**What the exercise asks:**
Pictures are to be left out, and the rest of the records reproduced exactly.

**Task data:**
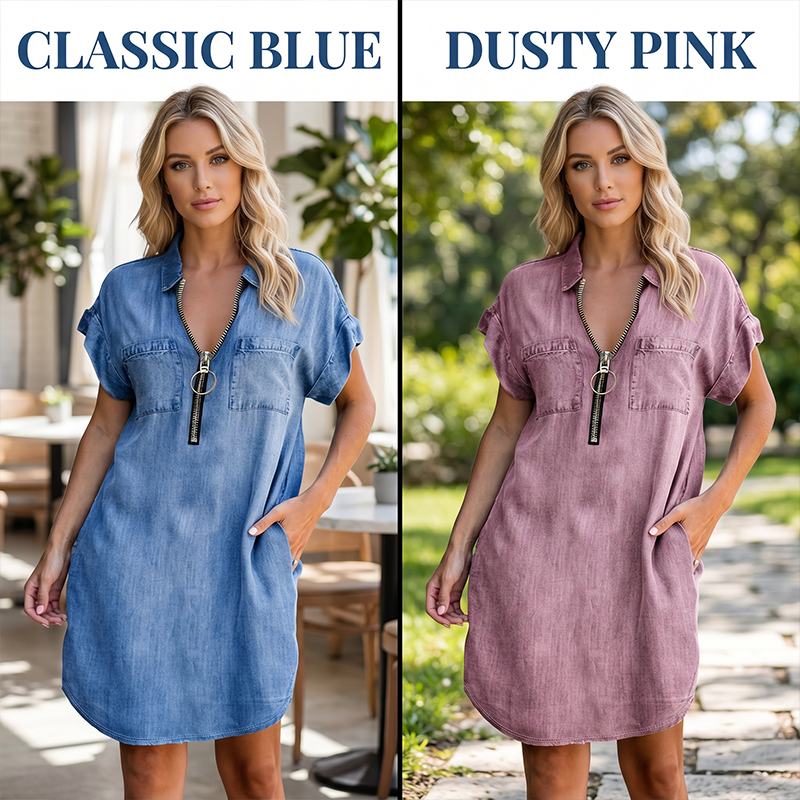 🔥-50%👗 Robe Chemise Jean Femme Décontractée – Col Rabattu Manches Courtes Poches Intégrées🌿 pour le quotidien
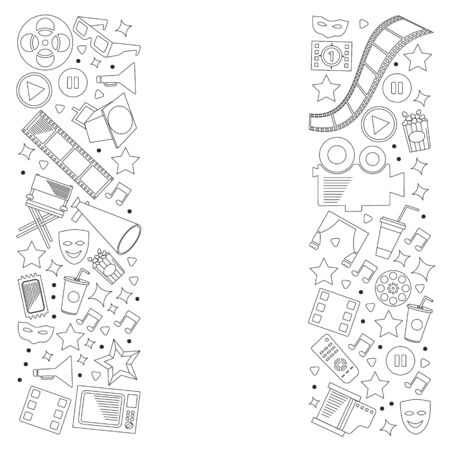 Cinema, video. Doodle set of vector icons. Megaphone, camera, movie. Musical theathre, entertaiment.のイラスト素材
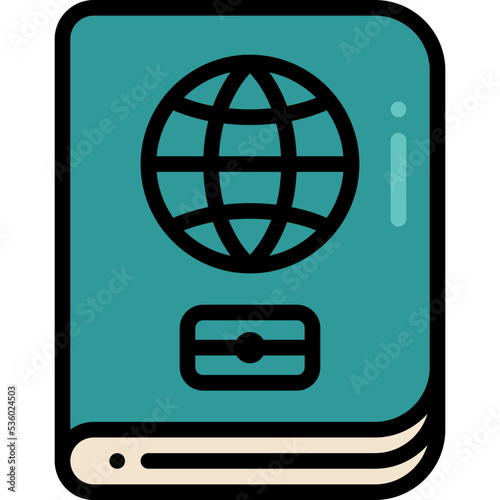 passport filled outline icon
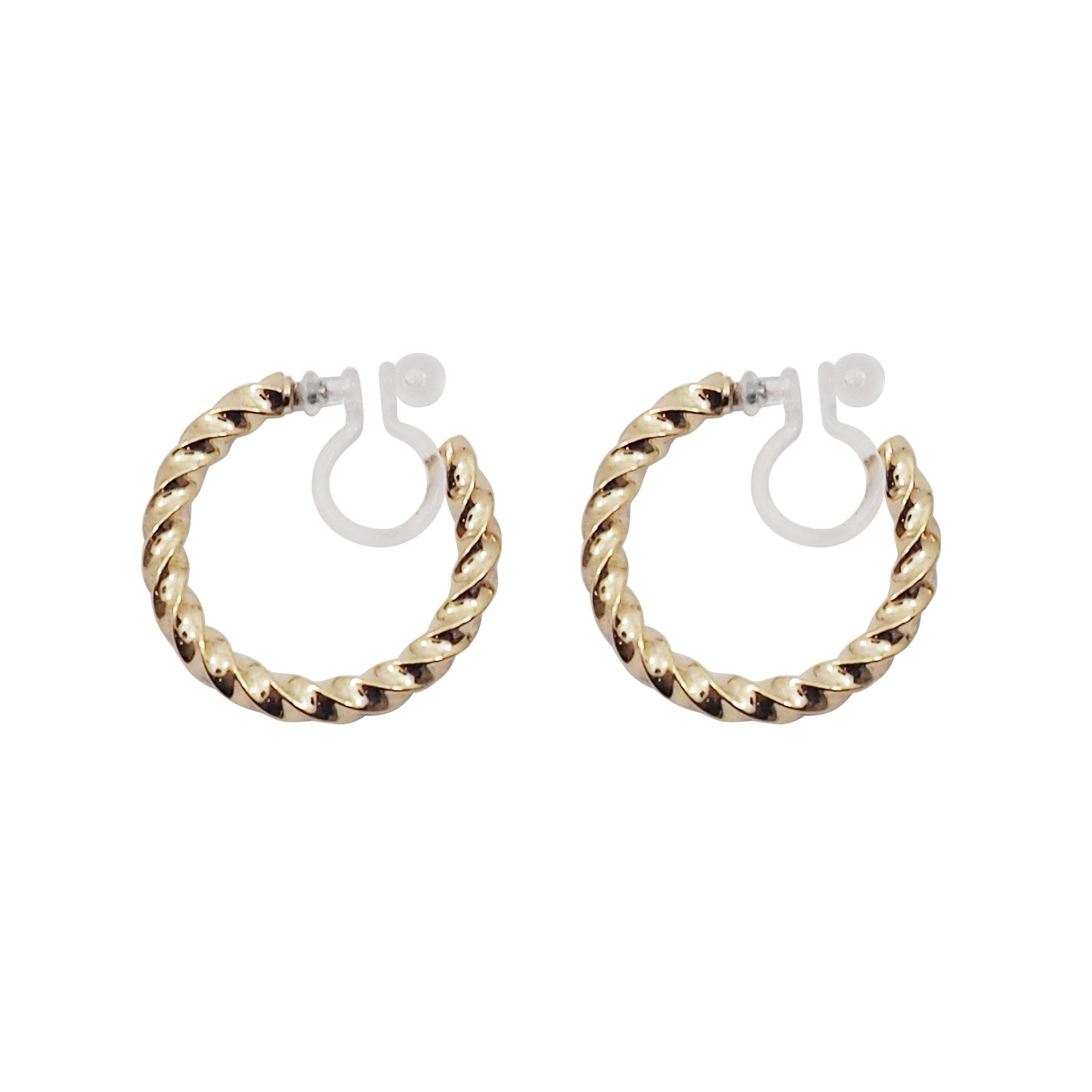 Gold Textured Invisible Clip On Hoop Earrings - Miyabi Grace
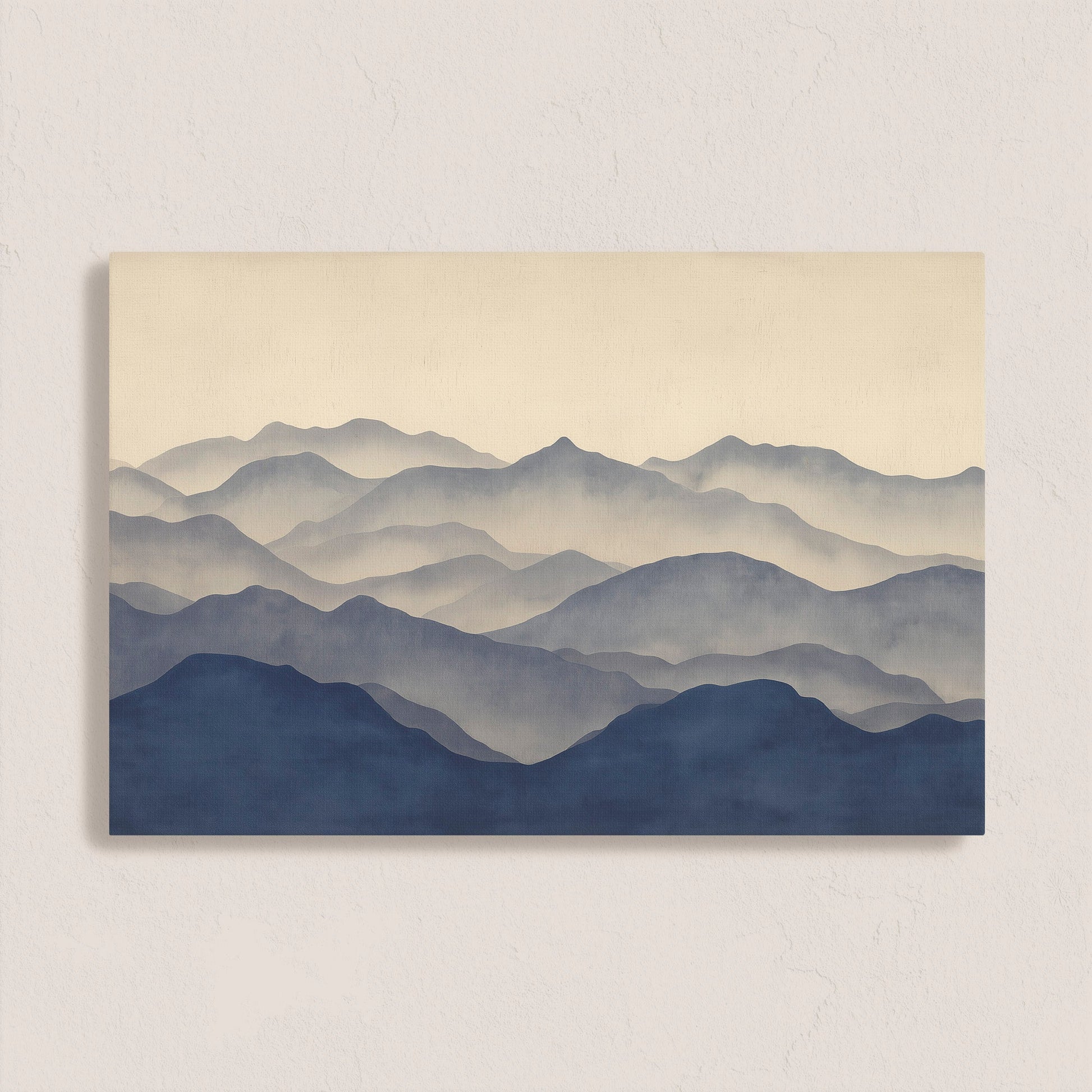 Veil canvas print featuring layered mountain silhouettes in indigo and beige tones for minimalist decor.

**Problem solution:**
 🔥-50%👗 Robe Chemise Jean Femme Décontractée – Col Rabattu Manches Courtes Poches Intégrées🌿 pour le quotidien
 Cinema, video. Doodle set of vector icons. Megaphone, camera, movie. Musical theathre, entertaiment.のイラスト素材
 passport filled outline icon
 Gold Textured Invisible Clip On Hoop Earrings - Miyabi Grace
 Veil canvas print featuring layered mountain silhouettes in indigo and beige tones for minimalist decor.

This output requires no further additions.